Three Thousand Years Of Longing – George Miller (2022)

Alithea (Tilda Swinton) is a happy, single “narratologist”. When in Turkey for a conference, she buys a bottle which proves to contain a Djinn (Idris Elba).

The Djinn likes to tell stories, Alithea of course does so too, so the film is presented as a story in which stories are told. We hear how the Djinn found himself trapped in a bottle three times, all times ’caused’ women. As the Djinn tells his story, so does Alithea culminating into a shared life.

Miller’s film is slow and somewhat dreamy, romantic in the sense that the two spirits find their similarities.

Mad Max: Fury Road * George Miller (2015)

Two years ago I felt like rewatching the original Mad Max trilogy. 30 Years after the third part (and 36 after the first!), the original director comes with ‘part 4’. Unfortunately he did/could not get Mel Gibson to play Mad Max.

“Fury Road” opens with the raw and apocalyptic feel of 1985 film, but soon evolves into nothing much more than a road trip through the desert. This time there was no need for Miller to build elaborate cities or Thunderdomes, just some fancy cars and weird characters. Even Mad Max seems to just happen to be present at the events in the film and hardly has the part he had in the original films. It almost looks like Miller wanted to make the weird vehicles again, but did not care too much about a story.

“Fury Road” is not boring and has some amusing findings, but it does not come anywhere near the films of three decades ago.

Mad Max trilogy * George Miller (1979/1981/1985)

I am sure that I did not see the “Mad Max” films when they were just out.

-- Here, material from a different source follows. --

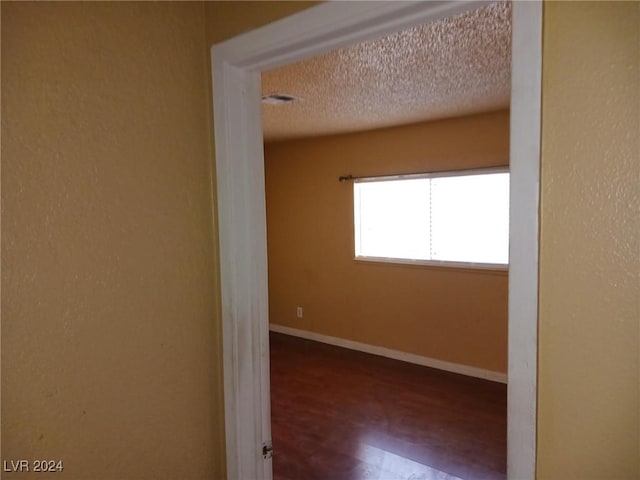 spare room featuring wood-type flooring and a textured ceiling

I was just four years old when the first part came out and 10 when the last did. Still I remember that these films were quite something for my generation. I only remembered bits of the last part and especially Tina Turner playing in it. Curious what I would think about these film (almost) 30 years after they were made, I decided to watch the trilogy.
The first part is quite boring. Mel Gibson is Max and looks like a teenage policeman in some desert. The first part does not have much of apocalyptic scifi elements, a bit more so of this is in part 2. Max became “the man with nothing to loose” and apparently is no longer an officer of the law. The bleak future progressed into a world in which there is nothing but desert. The life of old largely disappeared, but the need for oil is as big as it was, but it is much harder to get. Therefor different gangs violently try to lay there hands on fuel. Some group has created some sort of enclave eround an oil pump, of course other groups have plans with it too. The punker-gangs of the first part became even more furious, the rest of the world savage-like wanderers. The opening scenes of “the road warrior” (as part 2 is subtitled) make the bridge to the third part in which we find Max entering the desert city of Bartertown in with Aunty Entity (Tina Turner) rules, or does she? Bartertown has a violent set of laws, but people with an argument get “a fair fight” in the thunderdome in which “two men enter, one man leaves”. Max enters and leaves Bartertown and has some other adventures.
The “Mad Max” films do not look as dated as I expected. Part 2 and 3 are still as gloomy and apocalyptic as I remembered. Not as exiting anymore perhaps, but they still are entertaining films with a couple of nice, critical references to modern society.